Live sports hasn’t been an emphasis for Apple, which has its own Apple TV streaming devices, Apple TV app and platform, and Apple TV+ streaming service with original TV series including “Ted Lasso.” But the company last year hired Amazon Video’s former head of sports James DeLorenzo to run its own sports division, The Information noted.
Apple did not respond to request for comment.
Apple, Amazon, ESPN making Sunday Ticket play?
Amazon and ESPN are also in the game, NBC News reported, citing sources at those companies said. Amazon Prime Video began streaming Thursday Night Football games in 2017 and the NFL announced in May that Amazon would be the exclusive home of Thursday Night Football beginning with the 2022 season.
Neither Amazon nor ESPN provided comment on the report.
However, Walt Disney Co. CEO Bob Chapek, when asked during the company’s earnings call in May about sports rights, expressed interest in NFL Sunday Ticket. “That’s something that we’re in conversations with and we’re considering and we’re thinking about it,” he said. “Obviously, it’s an attractive property, but we’ll only do it just like our other rights, if it is something that adds shareholder value.”
Discussion about NFL Sunday Ticket took place at the Allen & Company conference this week in Sun Valley, Idaho, according to both NBC News and The Information. NFL Commissioner Roger Goodell and Robert Kraft, chairman of the NFL ownership group’s media committee and owner of the New England Patriots, were on hand at, as was, NBC News said, Apple CEO Tim Cook and Apple senior vice president Eddy Cue.
Talks have been ongoing, both outlets reported. But the formal bidding process has not been announced and will likely play out over the next year with traditional TV and digital media companies involved.

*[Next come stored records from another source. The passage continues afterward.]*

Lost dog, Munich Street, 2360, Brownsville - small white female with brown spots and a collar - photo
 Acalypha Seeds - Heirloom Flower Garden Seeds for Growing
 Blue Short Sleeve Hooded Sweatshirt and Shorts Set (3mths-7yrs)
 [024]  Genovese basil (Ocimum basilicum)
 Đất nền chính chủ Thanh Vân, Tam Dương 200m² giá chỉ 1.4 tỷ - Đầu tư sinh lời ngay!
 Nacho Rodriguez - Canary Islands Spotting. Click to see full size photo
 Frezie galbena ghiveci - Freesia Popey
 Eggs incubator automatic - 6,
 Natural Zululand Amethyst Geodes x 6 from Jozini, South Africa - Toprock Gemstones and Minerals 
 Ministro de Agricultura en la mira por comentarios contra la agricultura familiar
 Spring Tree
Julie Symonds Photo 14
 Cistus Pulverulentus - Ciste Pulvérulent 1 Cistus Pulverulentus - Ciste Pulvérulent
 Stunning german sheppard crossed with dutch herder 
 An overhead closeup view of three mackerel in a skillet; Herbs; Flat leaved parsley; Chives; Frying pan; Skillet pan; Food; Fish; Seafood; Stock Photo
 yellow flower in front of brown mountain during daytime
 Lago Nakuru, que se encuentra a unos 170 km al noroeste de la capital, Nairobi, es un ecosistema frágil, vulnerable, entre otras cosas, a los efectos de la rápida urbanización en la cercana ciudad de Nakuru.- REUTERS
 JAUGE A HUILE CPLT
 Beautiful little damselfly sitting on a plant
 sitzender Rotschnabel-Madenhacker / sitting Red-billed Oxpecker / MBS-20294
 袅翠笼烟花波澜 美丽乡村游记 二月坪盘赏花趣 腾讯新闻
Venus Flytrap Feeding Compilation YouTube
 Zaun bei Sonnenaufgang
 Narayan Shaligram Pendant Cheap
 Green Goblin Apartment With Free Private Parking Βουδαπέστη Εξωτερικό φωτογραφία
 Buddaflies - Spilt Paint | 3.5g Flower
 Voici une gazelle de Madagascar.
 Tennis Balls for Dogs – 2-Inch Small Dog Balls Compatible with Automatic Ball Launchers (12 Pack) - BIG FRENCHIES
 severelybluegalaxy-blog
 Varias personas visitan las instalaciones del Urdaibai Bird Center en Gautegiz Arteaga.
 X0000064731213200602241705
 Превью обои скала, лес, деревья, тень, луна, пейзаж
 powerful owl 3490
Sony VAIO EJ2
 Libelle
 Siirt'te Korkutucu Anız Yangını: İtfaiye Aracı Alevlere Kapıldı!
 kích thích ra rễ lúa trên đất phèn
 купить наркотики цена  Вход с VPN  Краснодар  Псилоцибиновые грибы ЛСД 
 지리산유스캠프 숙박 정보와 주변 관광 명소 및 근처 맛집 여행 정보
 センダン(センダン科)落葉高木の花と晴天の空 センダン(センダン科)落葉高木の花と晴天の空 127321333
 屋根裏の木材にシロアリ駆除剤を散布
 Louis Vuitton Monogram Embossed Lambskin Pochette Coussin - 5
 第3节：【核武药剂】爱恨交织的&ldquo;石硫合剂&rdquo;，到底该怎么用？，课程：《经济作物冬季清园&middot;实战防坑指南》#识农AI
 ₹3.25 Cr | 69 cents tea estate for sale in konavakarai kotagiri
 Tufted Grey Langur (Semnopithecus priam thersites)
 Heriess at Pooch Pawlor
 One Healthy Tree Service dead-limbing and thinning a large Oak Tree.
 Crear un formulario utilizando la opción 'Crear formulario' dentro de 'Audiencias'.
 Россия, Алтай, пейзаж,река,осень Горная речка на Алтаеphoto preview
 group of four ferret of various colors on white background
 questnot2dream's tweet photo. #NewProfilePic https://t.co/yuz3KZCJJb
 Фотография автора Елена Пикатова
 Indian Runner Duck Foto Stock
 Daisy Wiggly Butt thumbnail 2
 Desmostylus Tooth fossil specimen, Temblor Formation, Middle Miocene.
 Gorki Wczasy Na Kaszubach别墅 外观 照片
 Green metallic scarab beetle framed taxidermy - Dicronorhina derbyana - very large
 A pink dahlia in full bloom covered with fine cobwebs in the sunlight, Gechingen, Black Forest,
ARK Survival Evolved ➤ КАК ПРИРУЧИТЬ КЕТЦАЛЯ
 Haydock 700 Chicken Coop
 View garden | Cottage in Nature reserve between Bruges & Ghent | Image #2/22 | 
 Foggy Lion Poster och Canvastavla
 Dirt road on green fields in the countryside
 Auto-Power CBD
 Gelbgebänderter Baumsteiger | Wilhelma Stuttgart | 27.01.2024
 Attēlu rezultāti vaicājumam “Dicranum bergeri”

Rumors have long had the NFL looking toward streaming as way to increase NFL Sunday Ticket’s audience. DirecTV, which reportedly paid $1.5 billion annually to the NFL for the rights, has its own reasons for dropping the Sunday Ticket ball. In its announcement about spinning off the TV service, AT&T noted the $16.25 billion value of the New DirecTV included the debt and the elimination of up to $2.5 billion in NFL Sunday Ticket net losses, which will be funded by AT&T.
Don’t count out the new DirecTV, says Phillip Swann, publisher of TVAnswerman.com and HomeTheaterTonight.com. The satellite service could keep Sunday Ticket if the league gives rights to a pay-TV service and a streaming service, he said.
“That’s how the league can reach the most people and generate the most revenue,” Swann said, adding, “No one understands it better, and it would make the new company more valuable to a buyer, such as Dish.”
Despite the power of the tech giants and ESPN parent Disney, don’t count out another streaming player: Peacock.
The streaming service launched a year ago by NBCUniversal parent Comcast “shouldn’t be overlooked as the possible streaming winner,” Swann said. “Comcast has the money and motivation to make it happen.”